--- Exercise ---
Return every record below exactly as given, images excluded.

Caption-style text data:
****************************************
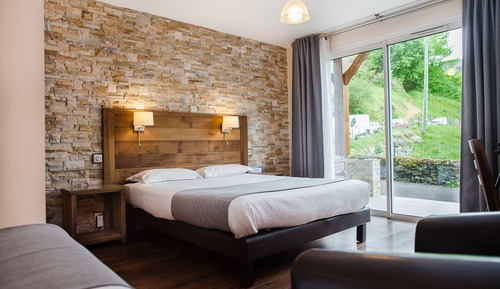 Habitación triple Confort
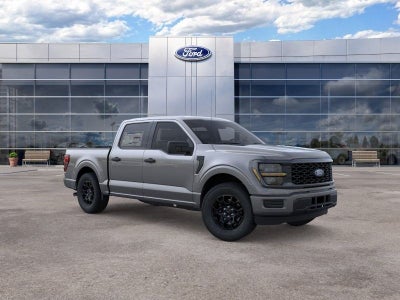 2026 Ford F-150 STX®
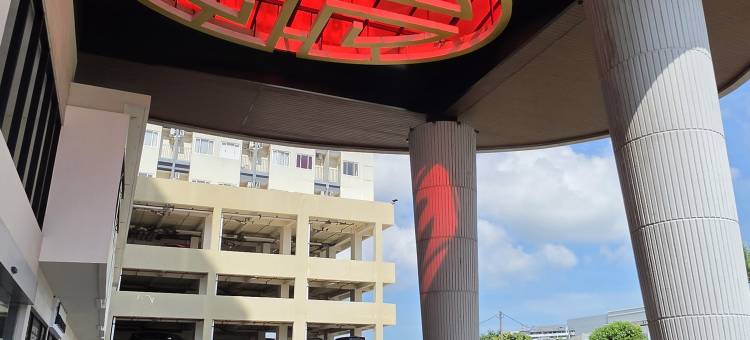 Sunshine Studio Baloi Apartment Batam BCS Mall图片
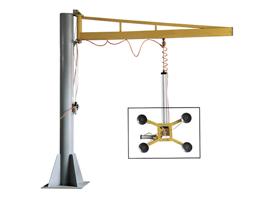 Glass Suction Lift Machine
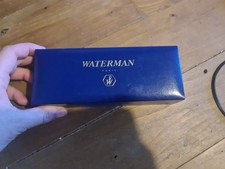 Waterman hemisphere ballpoint for sale  SALFORD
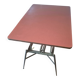 Multi-function formica table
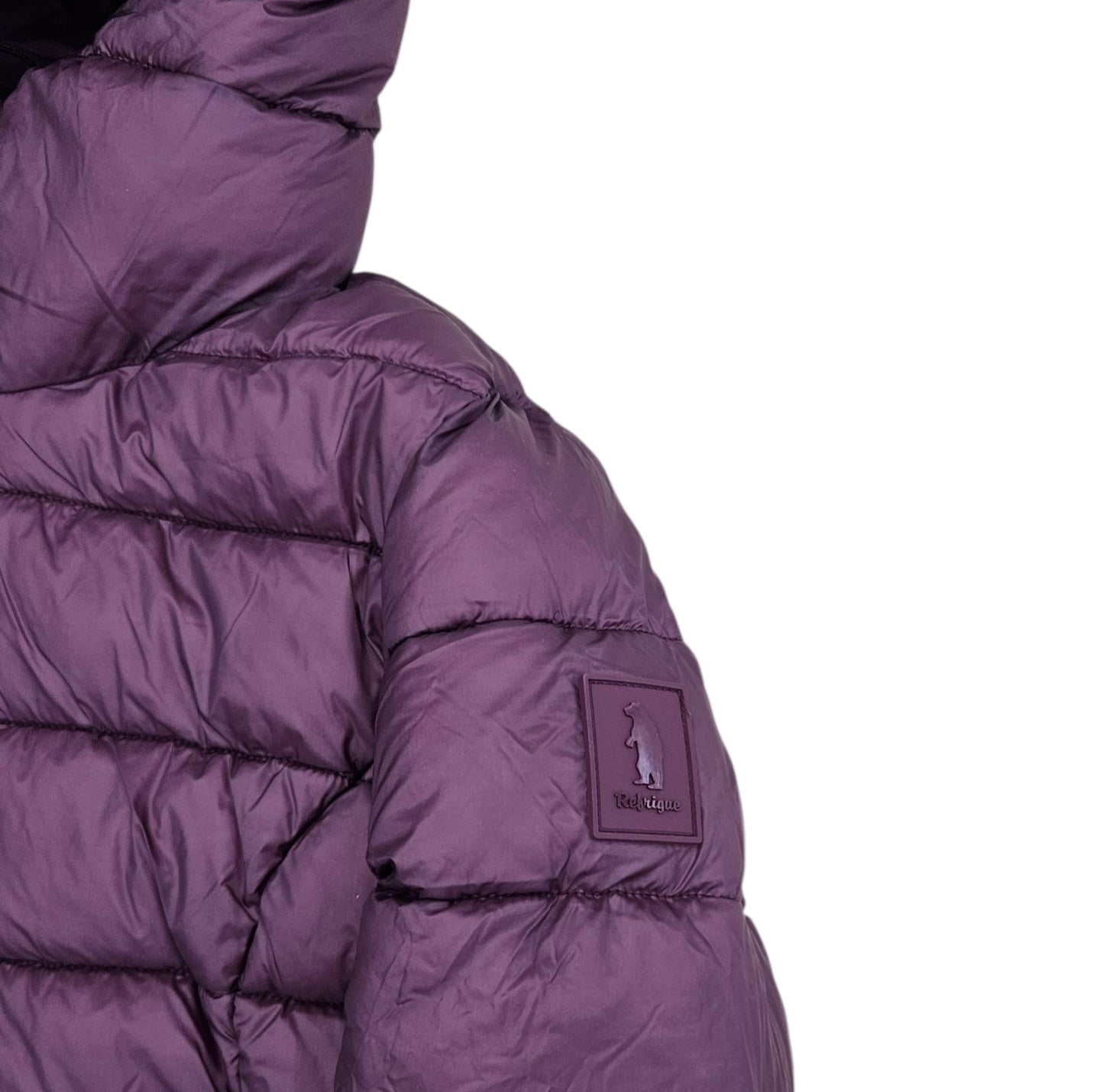 2821O00070 JACKET BURGUNDY - GIUBBINI - Refrigue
****************************************
--- Answer to this exercise ---
 Habitación triple Confort
 2026 Ford F-150 STX®
 Sunshine Studio Baloi Apartment Batam BCS Mall图片
 Glass Suction Lift Machine
 Waterman hemisphere ballpoint for sale  SALFORD
 Multi-function formica table
 2821O00070 JACKET BURGUNDY - GIUBBINI - Refrigue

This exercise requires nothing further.